It was nice to be back in Madras after a long time and even nicer to meet friends from MIT and elsewhere during this year's Foundations of Software Technology and Theoretical Computer Science Conference. FSTTCS is the longest-running international conference on computer science in India, and is organized under the aegis of the Indian Association for Research in Computing Science (IARCS).

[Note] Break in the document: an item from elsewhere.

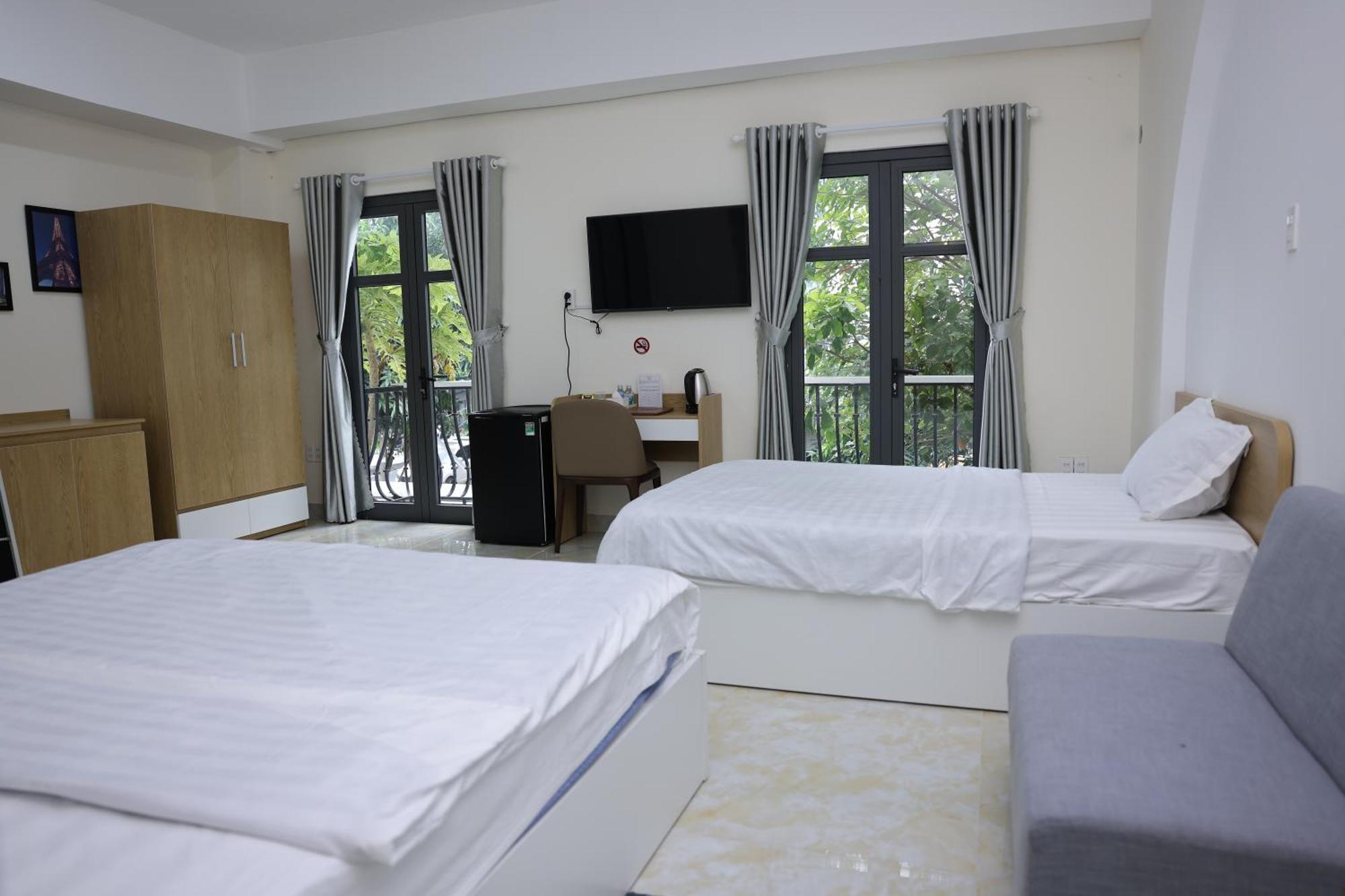 Arina Luxury Hotel - Vincom Tây Ninh Exteriér fotografie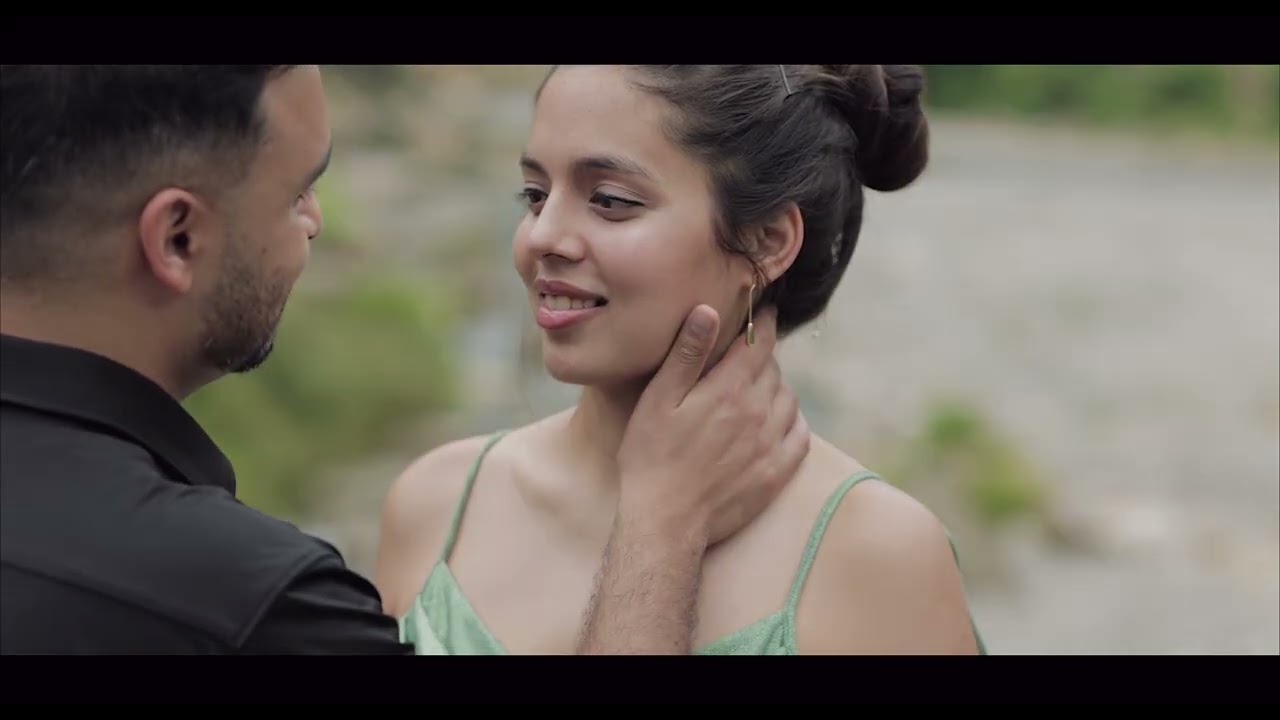 Best Pre Wedding Shoot 2025 4k| Rishikesh |  Satyak & Chitrakshi | k s photography (Raman 9810085704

The 24th edition was held in Chennai between Dec 16 and Dec 18. The conference was preceded by two workshops on Algorithms for dynamic data (Dec 13 - 14) and Logics for dynamic data (Dec 15). Here are a few statistics about this year's FSTTCS: 38 accepted papers (out of 178 submitted from 38 countries), attendance of about 175 (nearly 35% from outside India). The invited speakers: Pavel Pevzner (UCSD), Javier Esparza (Stuttgart), Piotr Indyk (MIT), John Reynolds (CMU) and Denis Therien (McGill). The proceedings of the conference were published by Springer in LNCS series.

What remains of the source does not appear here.